Reformar o Estado não é passar massa de reboco nos andares dos edifícios governativos, como se tem feito, aqui e ali, em momentos de tensão. Abriga tarefas hercúleas nos três Poderes que integram a estrutura de governo e envolvem questões estratégicas, definições que mudam até o modus operandi do regime, rotinas, práticas e costumes dos entes administrativos. Na esfera estratégica, um dos primeiros movimentos é na direção das funções do Estado, com a distinção entre suas atividades exclusivas (legislar, regular, julgar, policiar, fiscalizar, definir políticas, fomentar), os braços sociais e a produção de bens e serviços, visando a buscar novos modelos de desenvolvimento. A título de ilustração, essa questão não está clara na atual administração, pois o conceito de privatização é demonizado, apesar de o programa de concessões apontar para uma tomada de posição privatista repudiada pelo petismo. Não se trata, como ideólogos radicais enxergam, de defender o Estado mínimo ou combater o Estado máximo, mas fortalecê-lo para que consiga aperfeiçoar sua ação reguladora, a par de qualificar serviços e políticas sociais. A modelagem de cunho social-liberal é, seguramente, a mais adequada para gerar eficácia nas ações estatais e estimular a competição no campo privado. (O peso do conceito liberal, eis o busílis.)
 
Entre as engrenagens capazes de conferir maior velocidade ao motor do Estado, algumas são bem conhecidas. A meritocracia, por exemplo. Por que não implantar, de cima para baixo, a política do mérito, exigindo quadros profissionais qualificados, adequados às funções, treinados nas habilidades gerenciais? O atendimento político, por sua vez, deveria restringir-se às áreas específicas e, caso se levante o argumento da preservação do presidencialismo de coalizão, os partidos deveriam indicar perfis técnicos condizentes com os cargos.
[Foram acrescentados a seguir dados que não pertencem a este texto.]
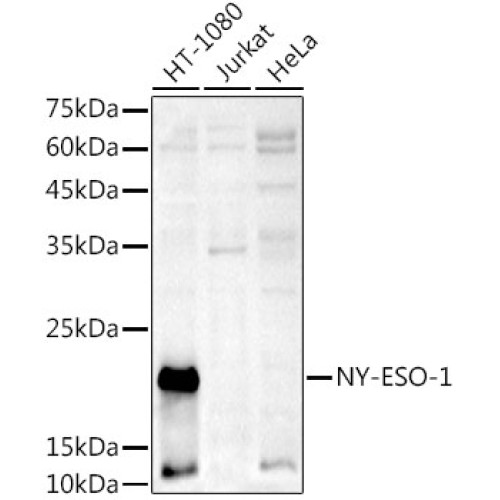 NY-ESO-1 Rabbit pAb
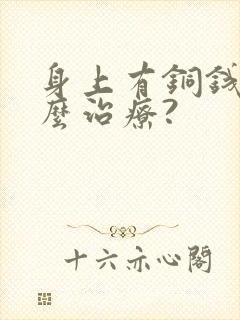身上有铜钱癣怎么治疗?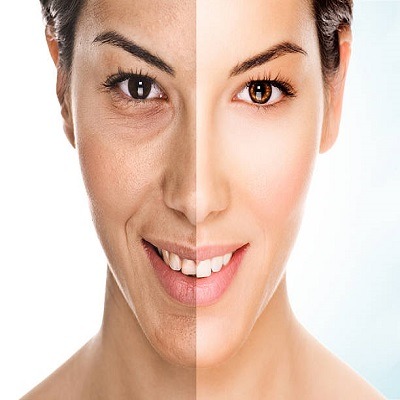 Facelift Surgery in Riyadh for Natural and Youthful Results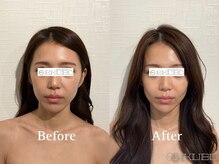 エクボ 立川店(EKUBO)の雰囲気（劇的な変化で、やみつきに♪《立川/小顔/小顔矯正/輪郭/左右差》）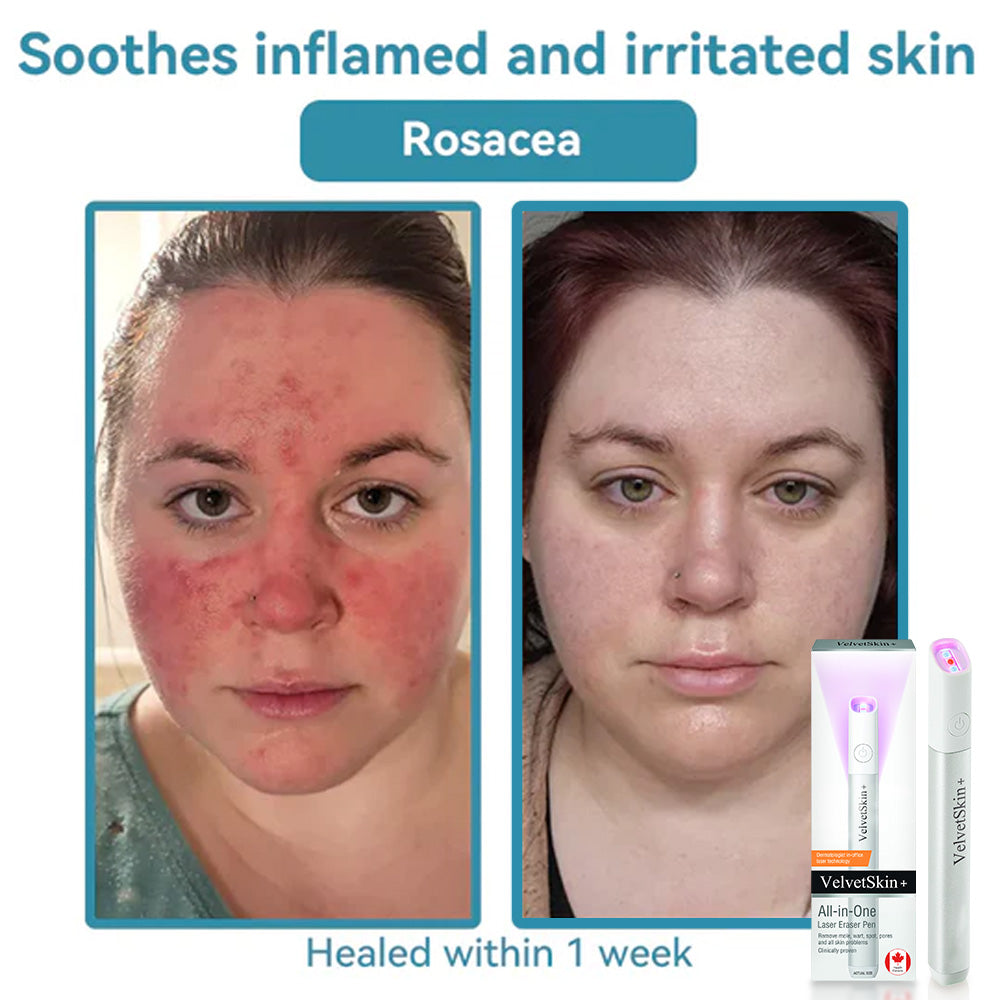 🇨🇦Stylo effaceur laser tout-en-un Bikenda® VelvetSkin+ (alimenté par la technologie laser CO₂ – élimine efficacement les grains de beauté, les verrues, les acrochordons, les taches pigmentaires et autres imperfections cutanées)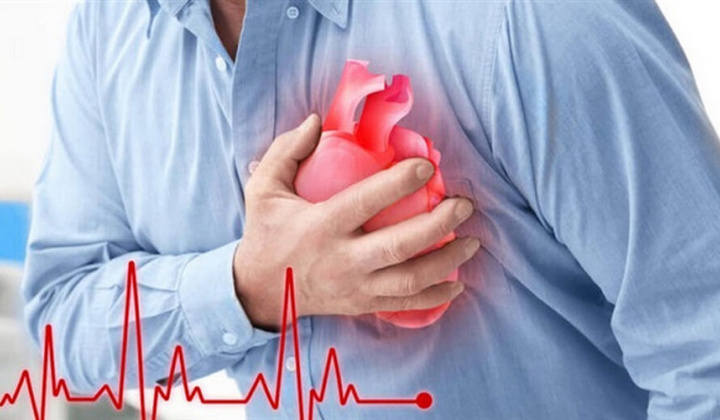 Tìm hiểu về bệnh nhồi máu cơ tim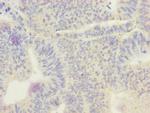 ECHS1 Antibody in Immunohistochemistry (Paraffin) (IHC (P))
A gestão passaria por um banho de capacitação em todas as instâncias. Ao servidor público, mais valorizado, seria propiciada motivação profissional, a partir de remuneração condizente com o mercado de trabalho. O excesso burocrático seria contido, evitando-se a escadaria dos papéis e o retardamento das ações e decisões. Na frente da Previdência, urge consolidar uma política voltada para tampar os buracos do sistema, de forma a equilibrar as contas do Estado.
 
O que falta para preencher cada lacuna? Vontade política, senso de oportunidade, autoridade e liderança. Luzes que deveriam iluminar a direção do País.